Il batiscafo di Picard: un pezzo della storia della “Terni” da ritrovare e valorizzare

batiscafo Picard

Storia e Memoria

di SERGIO BELLEZZA

Storia e memoria rubriche batscafo

Ricorre in questi giorni il 139° anniversario della nascita dell’Acciaieria (⇰ L’atto di nascita delle acciaierie). Lo celebriamo ricordando una delle pagine più belle e prestigiose della sua attività produttiva.

Era il 12 Marzo del 1952, quando, con la colata di due lingotti di 24 tonnellate cadauno d’acciaio speciale, si dava inizio alla fabbricazione della cabina del batiscafo Trieste, con cui Auguste Piccard avrebbe raggiunto i 3.700 m. di profondità a sud dell’isola di Ponza. Un’opera unica che ha fatto scuola nel mondo e accresciuto il prestigio e la fama della Soc. TERNI, realizzata accoppiando due semisfere, ottenute riducendo a disco lingotti di acciaio AIAX, lega speciale per la produzione di cannoni, con la pressa da 12.000 e forgiati a caldo coll’imbutitore a stampo.
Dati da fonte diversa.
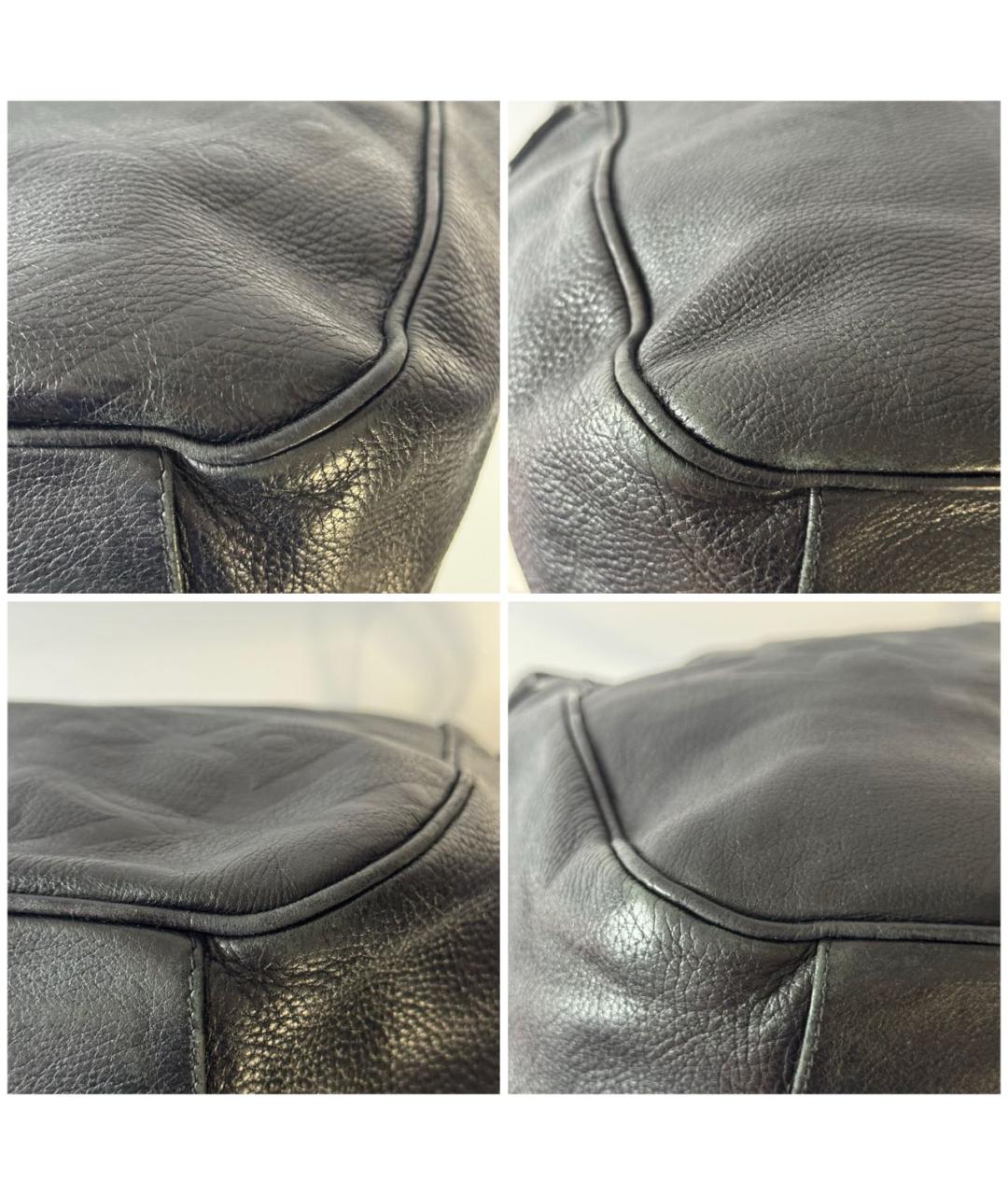 VIVIENNE WESTWOOD Черная кожаная сумка через плечо, фото 8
Ore e ore di discussione collo scienziato svizzero avevano portato alla definizione del progetto e alla realizzazione di un modellino del batiscafo, utilizzato per prove fluidodinamiche nel lago di Piediluco, e oggi depositato al Museo della Scienza e della Tecnica di Milano.

Coordinatore del progetto fu l’ing. Vincenzo Flagello, grosso esperto di Meccanica e responsabile del Centro di Formazione Professionale della Società. Il diagramma di forgiatura prevedeva la ricalcatura,  la sagomatura del disco e la sua imbutitura,  tre fasi successive di ricottura, le prove di verifica e infine la lavorazione meccanica delle due semisfere. La colata dei lingotti avvenne per tranquillità di notte, usando la massima precauzione, per evitare tra l’altro di introdurre  nel forno idrogeno, che se assorbito dal bagno, avrebbe potuto provocare rotture interne nel metallo. I Lingotti, ridotti a dischi dalla pressa da 12.000, forse la più potente al mondo, furono forgiati a semisfere, poi sottoposte alle verifiche meccaniche e infine a prove non distruttive.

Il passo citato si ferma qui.